> [YOUR TASK]
Give back each record precisely, pictures excluded.

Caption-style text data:
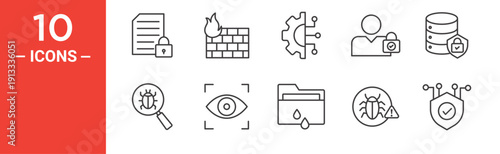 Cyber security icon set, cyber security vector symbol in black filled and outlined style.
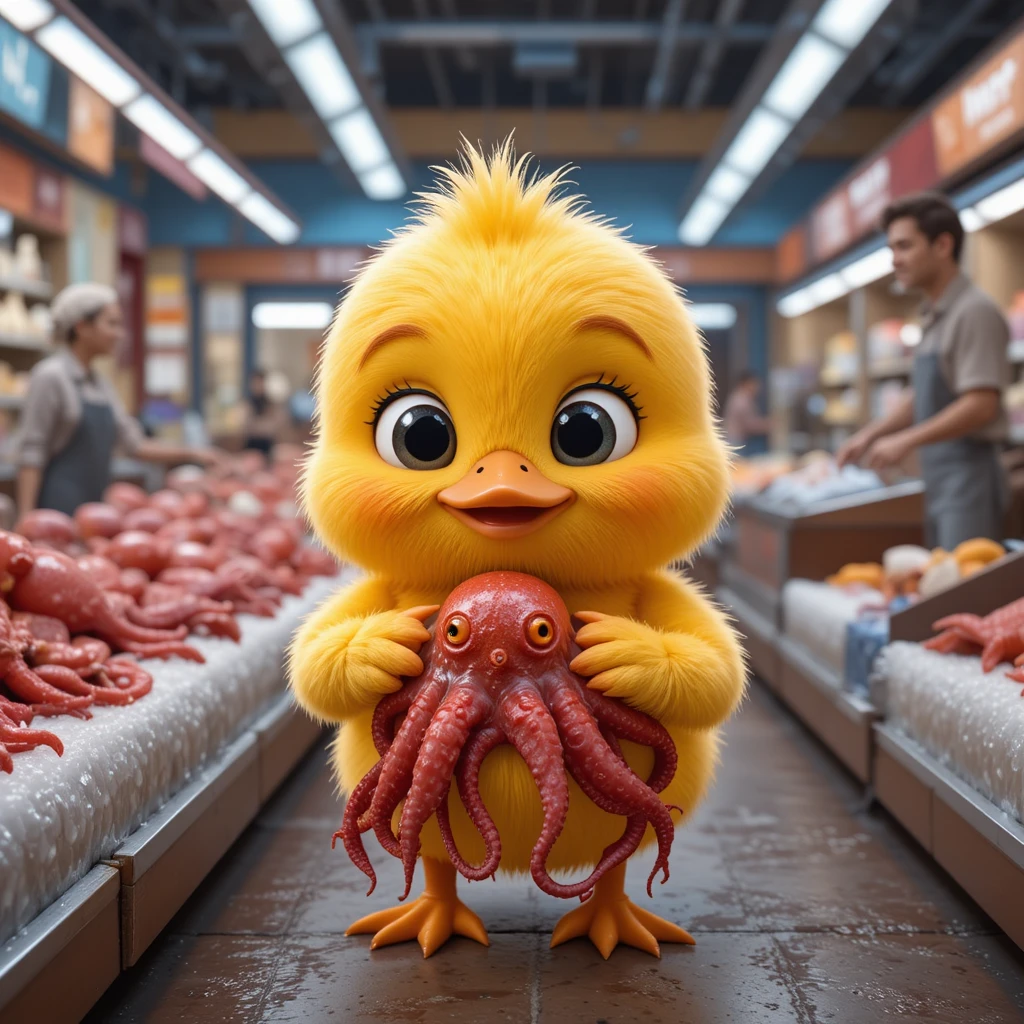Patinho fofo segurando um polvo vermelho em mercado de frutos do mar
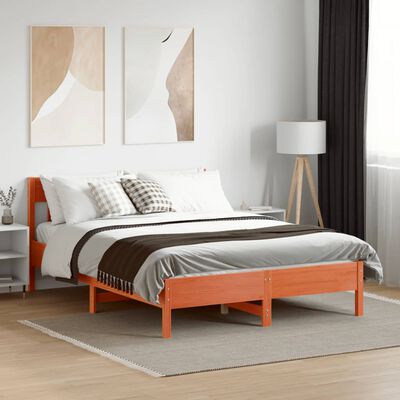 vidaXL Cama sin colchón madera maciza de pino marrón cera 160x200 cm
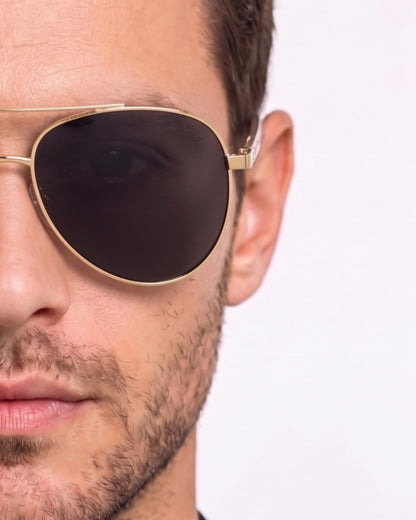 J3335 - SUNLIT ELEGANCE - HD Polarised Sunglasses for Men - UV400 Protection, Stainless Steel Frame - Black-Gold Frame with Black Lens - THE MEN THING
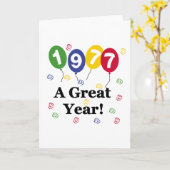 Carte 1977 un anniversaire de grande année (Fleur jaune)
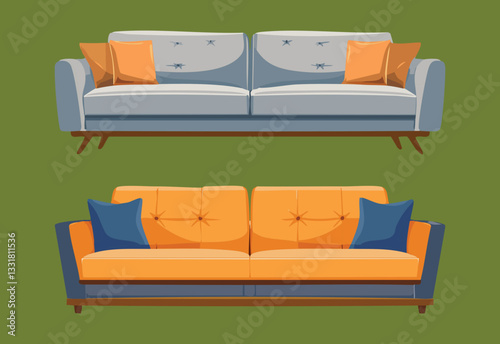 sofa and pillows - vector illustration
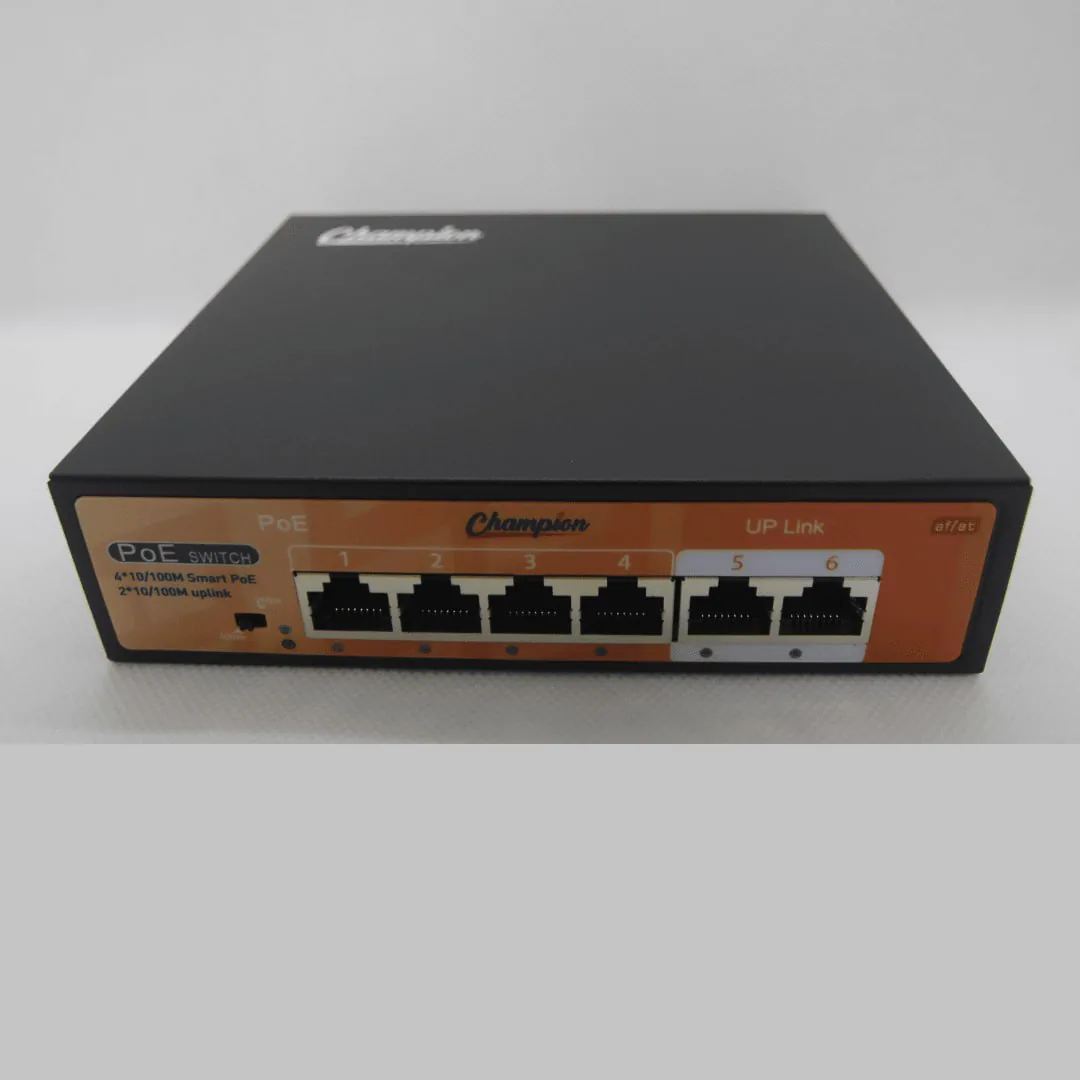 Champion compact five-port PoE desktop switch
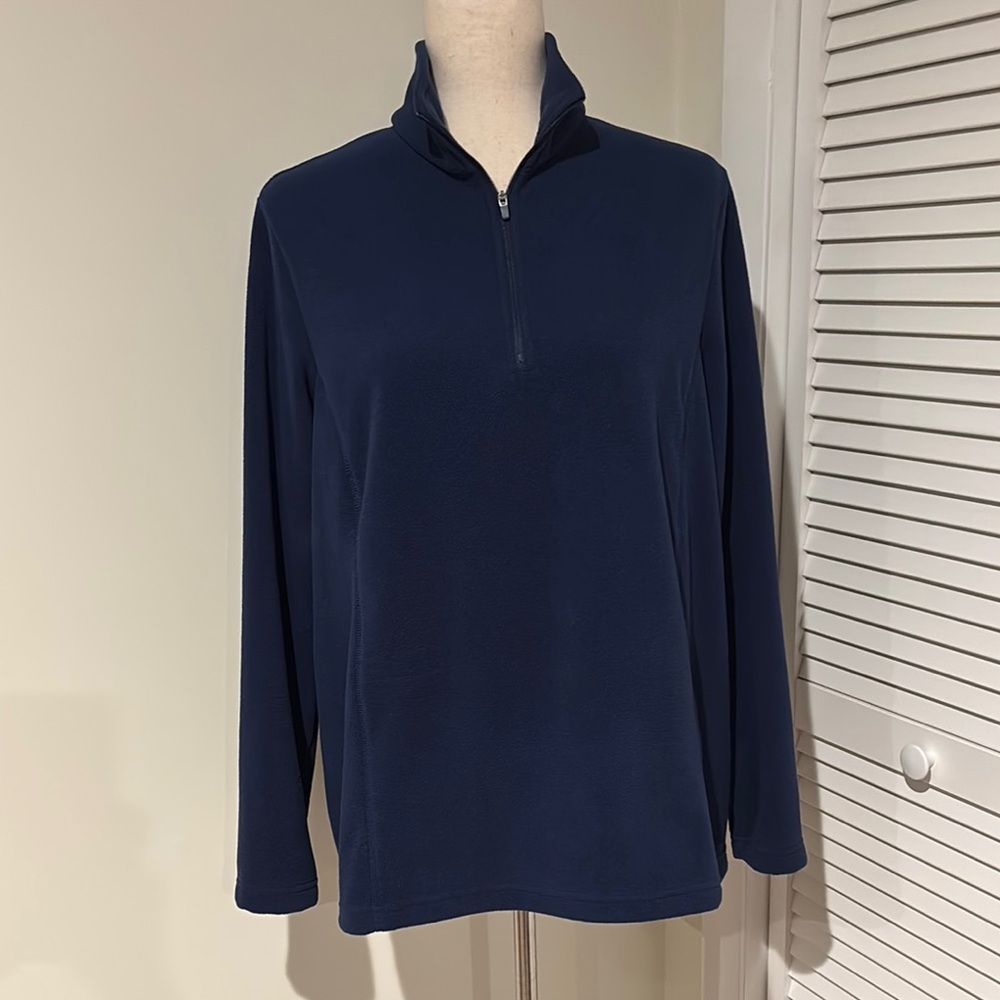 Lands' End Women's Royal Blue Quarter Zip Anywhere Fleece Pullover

> [YOUR SOLUTION]
 Cyber security icon set, cyber security vector symbol in black filled and outlined style.
Patinho fofo segurando um polvo vermelho em mercado de frutos do mar
 vidaXL Cama sin colchón madera maciza de pino marrón cera 160x200 cm
 J3335 - SUNLIT ELEGANCE - HD Polarised Sunglasses for Men - UV400 Protection, Stainless Steel Frame - Black-Gold Frame with Black Lens - THE MEN THING
 Carte 1977 un anniversaire de grande année (Fleur jaune)
 sofa and pillows - vector illustration
 Champion compact five-port PoE desktop switch
 Lands' End Women's Royal Blue Quarter Zip Anywhere Fleece Pullover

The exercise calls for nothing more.